According to experts on, the increasing number of deaths in the U.S. and Canada from prescription painkillers (opioids) requires urgent action.

Opioids are prescription painkillers that contain compounds extracted from the opium poppy and have long been used to control cancer symptoms and acute medical conditions. Using opioids for controlling chronic pain, such as in osteoarthritis patient’s, is increasing according to Dr IrfanDhalla and his colleagues at the University of Toronto.

Dr Dhalla and his team report that the death rate involving opioid painkillers in the U.S. rose from 4,041 in 1999 to 14,459 in 2007 and is now more common than deaths from skin cancer, HIV and alcoholic liver disease. With between 1.4 million and 1.9 million Germans also being addicted to prescription drugs some authorities are concerned that the UK may face a similar epidemic to that of North America in five to ten years time.

Dr. Des Spence commented earlier on that using strong opioids for chronic non-cancer pain in the UK is a “disaster in the making”. Dr. Dhalla supports the comment saying that deaths involving methadone and codeine roughly doubled in England and Wales between 2005 and 2009, while deaths involving heroin or morphine remained unchanged.

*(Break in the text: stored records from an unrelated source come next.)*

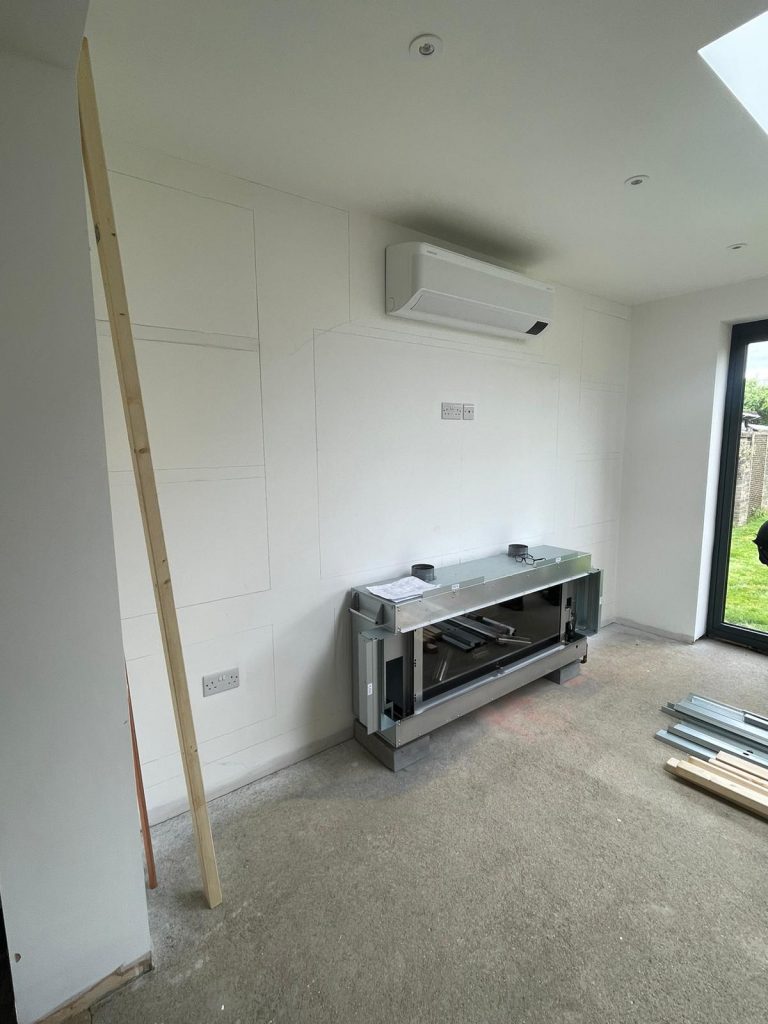 Before photo of a bespoke media wall project in Chatteris showing a blank wall with an existing air conditioning unit and fireplace.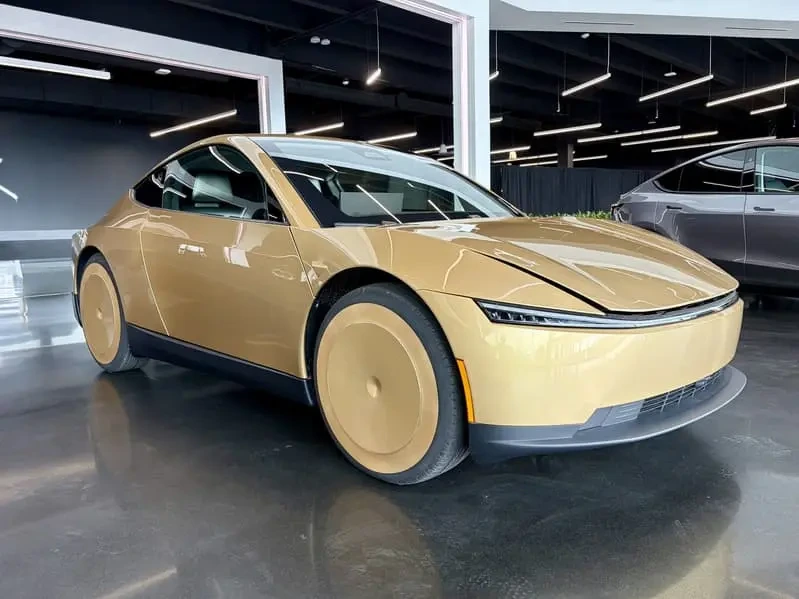 Bir iç mekânda sergilenen altın renkli Tesla Cybercab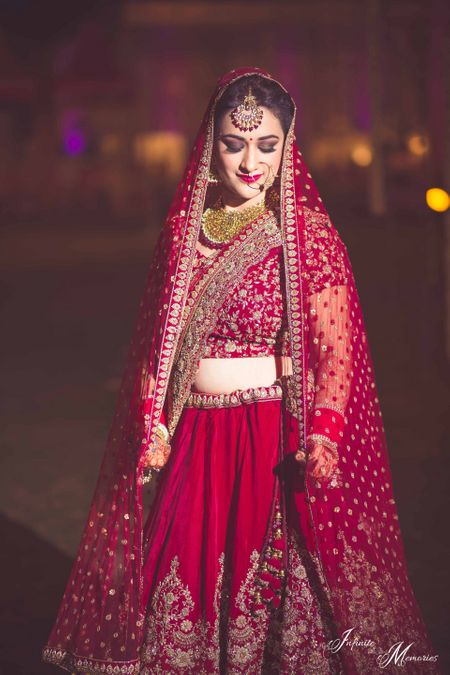 Photo of Deep red bridal lehenga with double dupatta draping style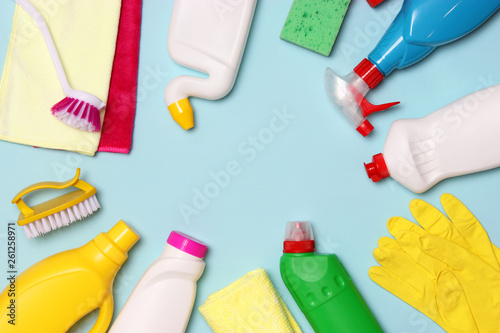  cleaning products on a colored background top view.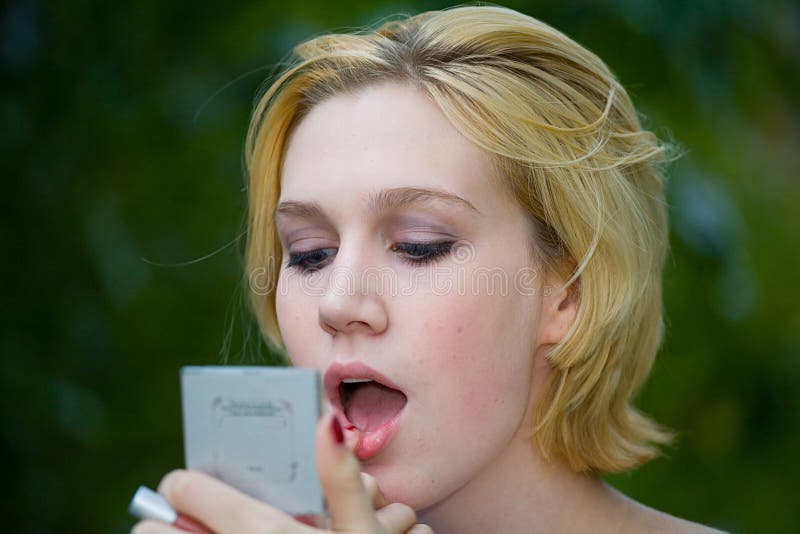 Beautiful Yong Blonde Girl with Blue Eyes Putting on Makeup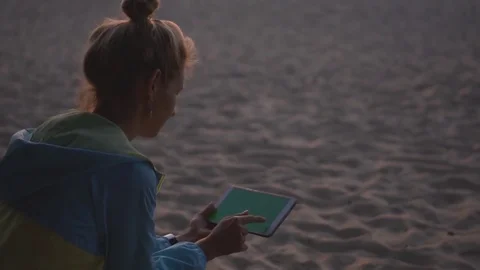 Pensive young girl using a tablet and sitting on the beach at sunset. Chromakey. Stock Footage 83672214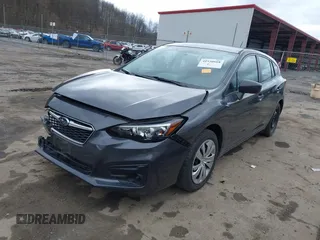 2019 Subaru Impreza with VIN 4S3GTAA60K3758517, listed as a IAAI auction lot 41930668 with 39,999 mi miles. Bid and sale history available at carsss.com. Image 2.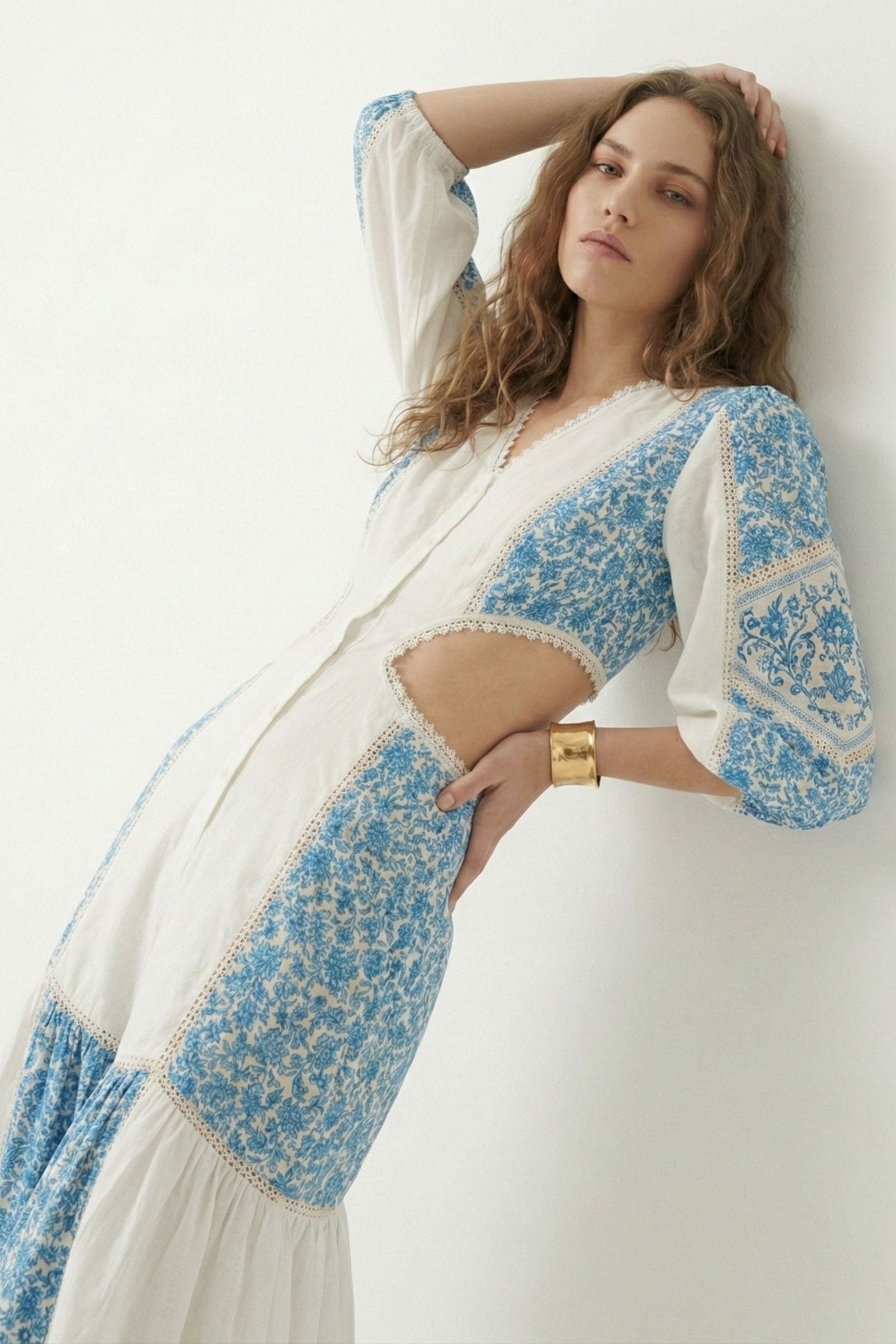 Woman wearing a white and blue floral dress against a white background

The researchers recommend several strategies to overcome the crisis in the U.S. and Canada. They suggest to stop commission payments paid to the staff of drug companies for marketing prescription opioid drugs, and that regulators should examine adverts for these drugs before they are publicized. Another strategy would be to introduce real-time electronic databases to reduce the frequency with which opioids are obtained from multiple doctors or pharmacies.

Dhalla and his fellow researchers also suggest to implement educational outreach programs for doctors to improve opioid prescribing, as well as more research to guide practice. They highlight that the evidence for using opioids to control chronic pain is very limited with risks possibly outweighing the benefits.

The authors conclude:

“maintaining access to opioids for appropriately selected patients while striving for major reductions in overdose deaths must be a major priority for physicians and policymakers.”